Start of EXCERPTED DATA

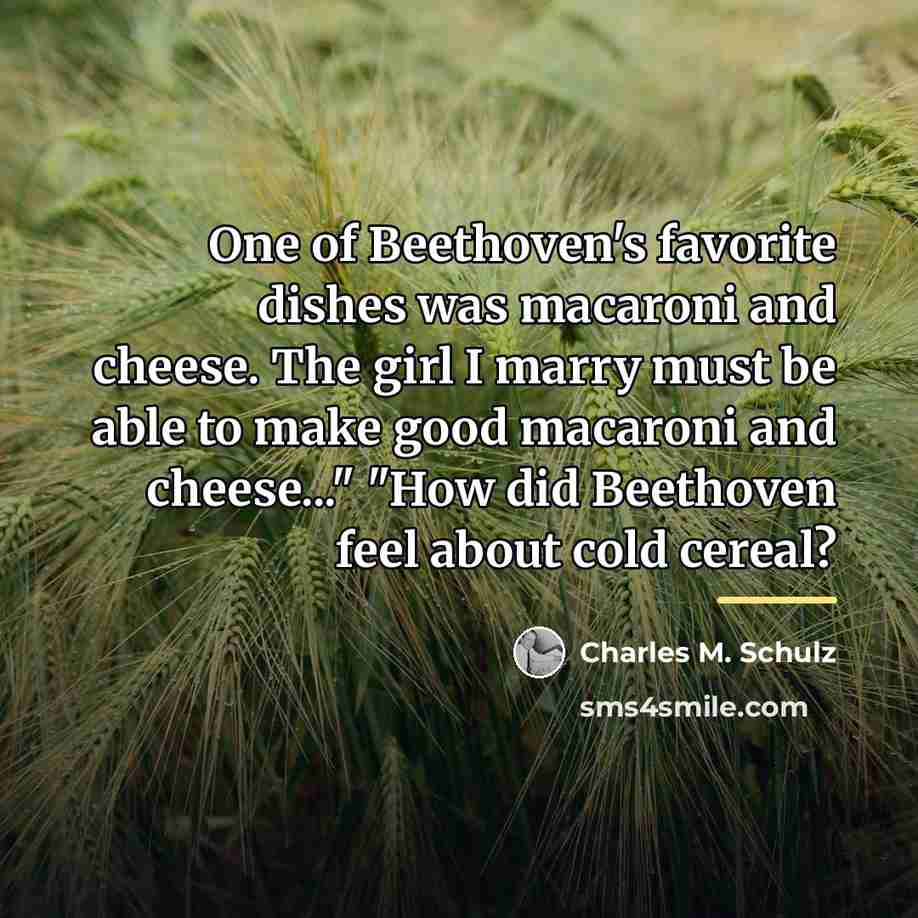 “One of Beethoven's favorite dishes was macaroni and cheese. The…” quote by Charles M. Schulz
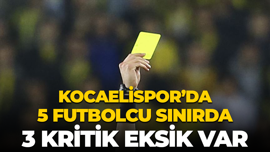 Kocaelispor’da 5 futbolcu sınırda, 3 kritik eksik var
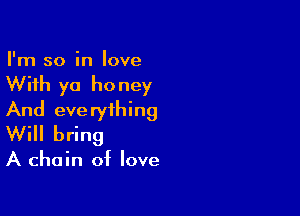 I'm so in love

With yo ho ney

And eve ryihing
Will bring

A chain of love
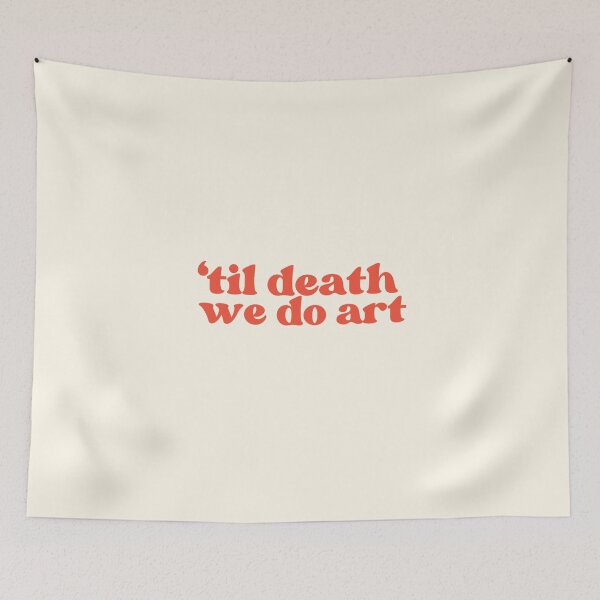 Item preview, ‘til death we do art designed and sold by Lavannya.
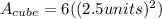A_{cube}=6((2.5 units)^{2})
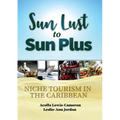 Sun Lust to Sun Plus: Niche Tourism in the Caribbean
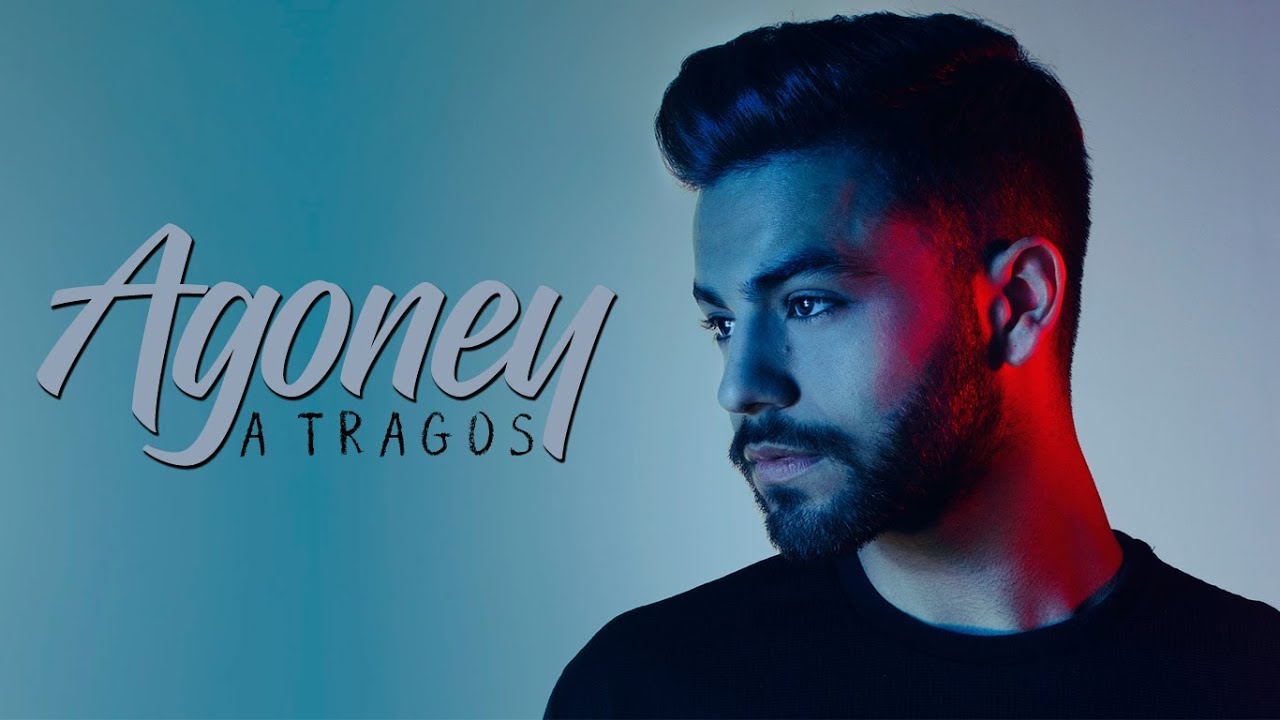 Agoney Hernández - A Tragos {Letra en descripción}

End of EXCERPTED DATA

Write out word for word the lines above that run from the one with "I'm so in love" to the one with "Sun Lust to". Include both end lines; exclude the images.

 I'm so in love

With yo ho ney

And eve ryihing
Will bring

A chain of love
 Item preview, ‘til death we do art designed and sold by Lavannya.
A_{cube}=6((2.5 units)^{2})
 Sun Lust to Sun Plus: Niche Tourism in the Caribbean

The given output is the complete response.